Comme beaucoup de ses compagnons qui ont été aux avant-postes au front de guerre, l’histoire officielle ne dit pas grand-chose sur cet historique.
Depuis l’annonce de son décès, Hocine Ait Ahmed, sa vie, son parcours et ses idées sont scrupuleusement passés au crible par les générations. Pour savoir ce que connaissent les moins de 20 ans sur ce grand homme, nous nous sommes joints à leurs discussions et nous leur avons même posé des questions.
En fait, sa grandeur fait l’unanimité parmi cette catégorie de jeunes nés en majorité après l’an 2000. «Je ne le connais pas. J’ai toujours entendu mon père parler de lui. Tout ce que je sais de lui, je l’ai appris depuis le jour de sa mort», affirme Samir, un jeune de Boudjima.
Beaucoup de jeunes affirmaient connaître son parcours mais s’étonnent de ne pas retrouver de traces d’Ait Ahmed dans les manuels scolaires. Comme beaucoup de ses compagnons qui ont été aux avant-postes au front de guerre, l’histoire officielle ne dit pas grand-chose. «Je ne connais de Hocine Ait Ahmed que ce qu’on m’a appris à l’école. Deux ou trois phrases seulement» regrette Karim, élève au lycée polyvalent de la ville de Tizi Ouzou qui accompagnait son père au siège du FFS de Tizi Ouzou par ces journées de vacances scolaires.
En effet, les jeunes de moins de 20 ans ont soulevé un point très important, à savoir le manque de données sur l’homme dans les manuels scolaires algériens. Mais, en fait, bien qu’ils se posent la question, ils ne sont pas pour autant dupes.
«Je sais que les gens au pouvoir ne voulaient pas que les jeunes générations le connaissent. On se serait posé beaucoup de questions dérangeantes», ironise son camarade.

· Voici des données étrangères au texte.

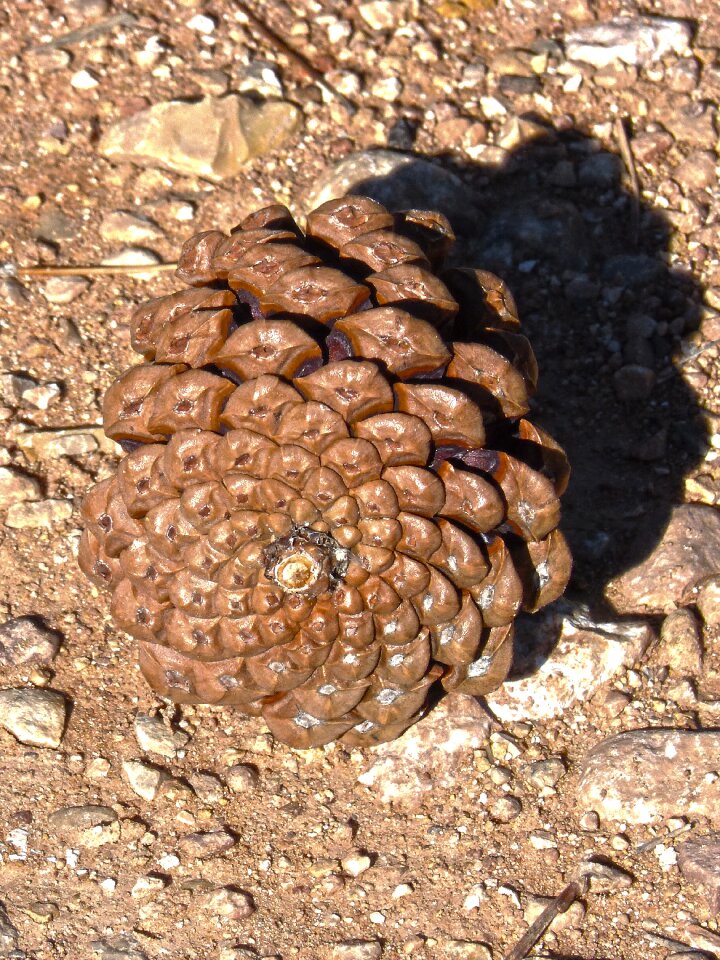 Pineapple spiral geometry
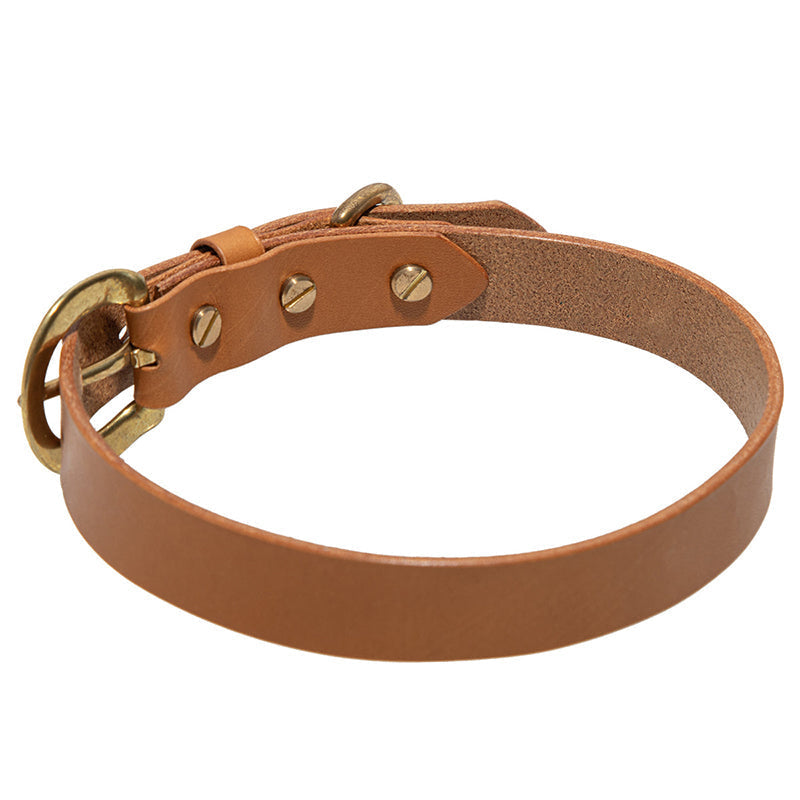 Leather Collars for Animals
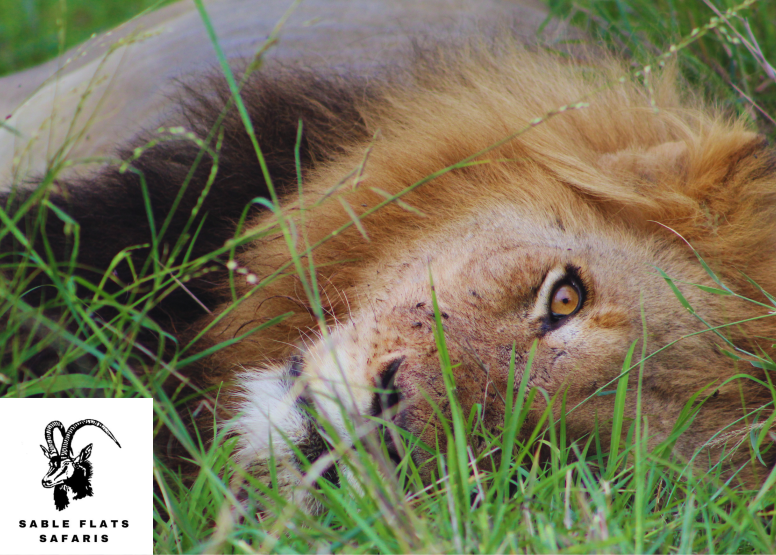 Exclusive Kruger National Park Full Day Safari with Brunch image 12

«Moi, je ne connais de lui que ce qui se dit dans les discussions politiques dans mon village. D’ailleurs, je ne savais pas qu’il était aussi important. Je le voyais comme tous les autres politiciens. C’est depuis le jour de sa mort que j’ai appris que Dda l’Hocine était un grand homme», reconnaît naïvement un autre jeune.
Les avis se suivent et le constat s’affirme de plus en plus. Hocine Aït Ahmed a été sciemment effacé des manuels scolaires. Les jeunes générations ne connaissent de lui que ce qui se dit dans la rue par les personnes intéressées par la politique. Et, quelle politique! «Mon Dieu, je ne savais pas ça. Tout ce que je sais, c’est qu’il a demandé l’intervention de sant’Egidio. Ça on me le dit à chaque fois qu’il y a des élections dans mon village», raconte un autre jeune dont la discussion révèle les dégâts qu’a occasionnés la campagne de dénigrement que Dda l’Hocine a subi de certains politiciens et médias.
«Moi, j’ai toujours débattu de lui avec mon père à la maison. A l’extérieur, mes amis disent du mal de lui alors que mon père à la maison disait le contraire. Même dans notre village, les gens qui font de la politique ne l’aiment pas et disent beaucoup de mal de lui. Quand je raconte à mon père ce qui se dit, il me répond que ceux qui disent du mal de lui ne le connaissent pas et qu’ils se font avoir par des politiciens qui ne lui arrivent pas à la cheville. Cela dit, même mon père ne m’a pas parlé de sa vie avant 1989», raconte un autre jeune d’un village d’Aghribs.
Des discussions qui révèlent la volonté d’effacer l’ombre de ce grand révolutionnaire qui a dédié toute sa vie à l’Algérie. Son exclusion des manuels scolaires a en effet favorisé le travail de dénigrement mené par ses détracteurs depuis l’indépendance et surtout depuis l’ouverture démocratique de 1988.
Enfin, la vie de Hocine Ait Ahmed rappelle un proverbe kabyle qui dit qu’«on ne peut briser une pierre avec un lopin de terre».